INFORMATION PROVIDED →
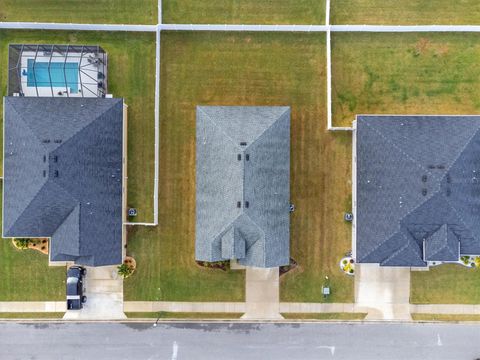 A home in AUBURNDALE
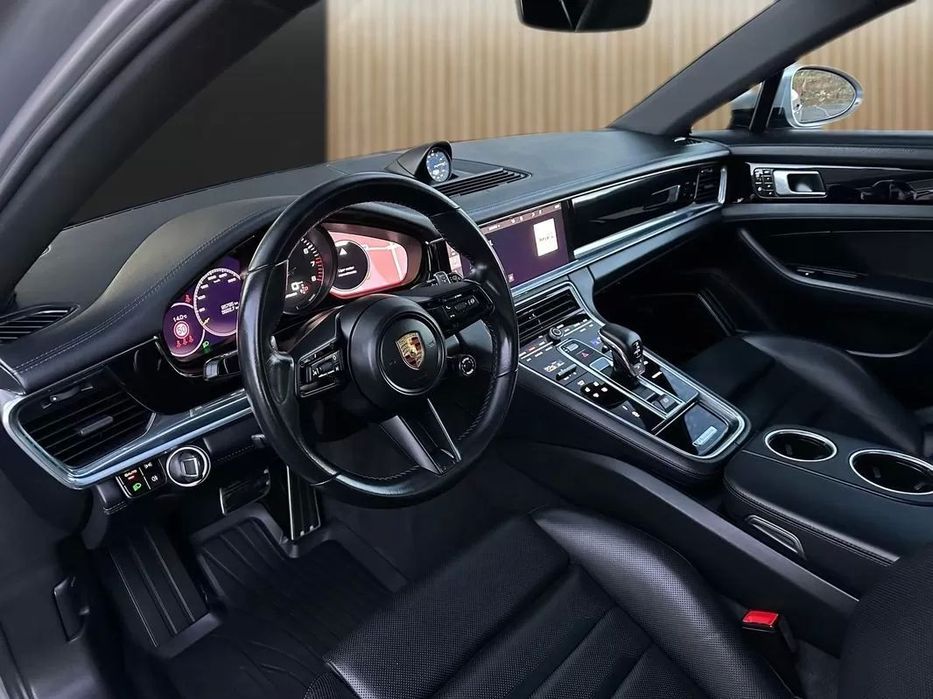 Porsche Panamera Sport Turismo 4 E-Hybrid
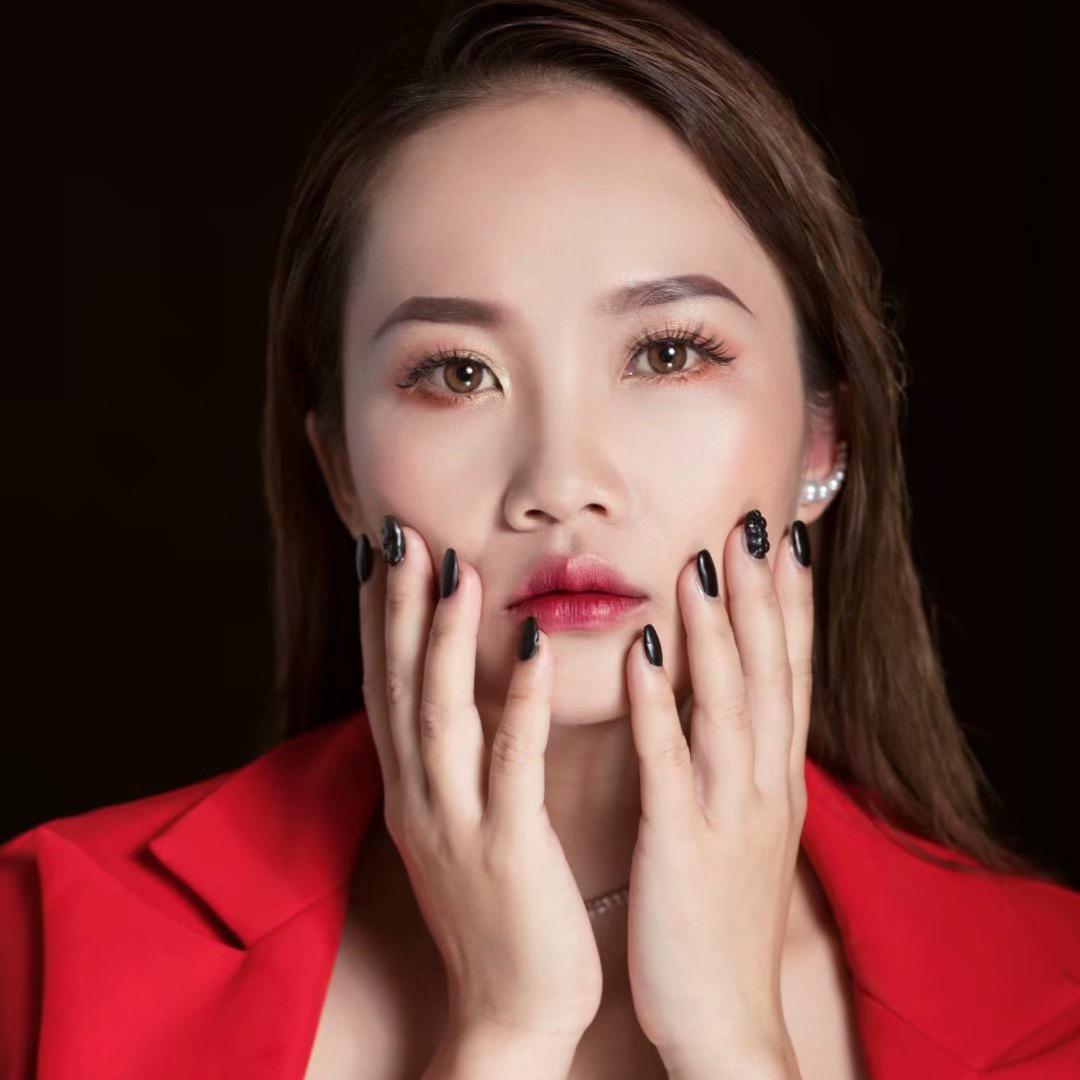 @Miss.邓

WHAT TO PRODUCE →
Beginning with the line that holds "Porsche Panamera Sport Turismo 4 E-Hybrid", write out exactly the lines down to the end of the material above, and no others. Pictures are not part of the copy.

RESULT OF THE EXERCISE →
 Porsche Panamera Sport Turismo 4 E-Hybrid
 @Miss.邓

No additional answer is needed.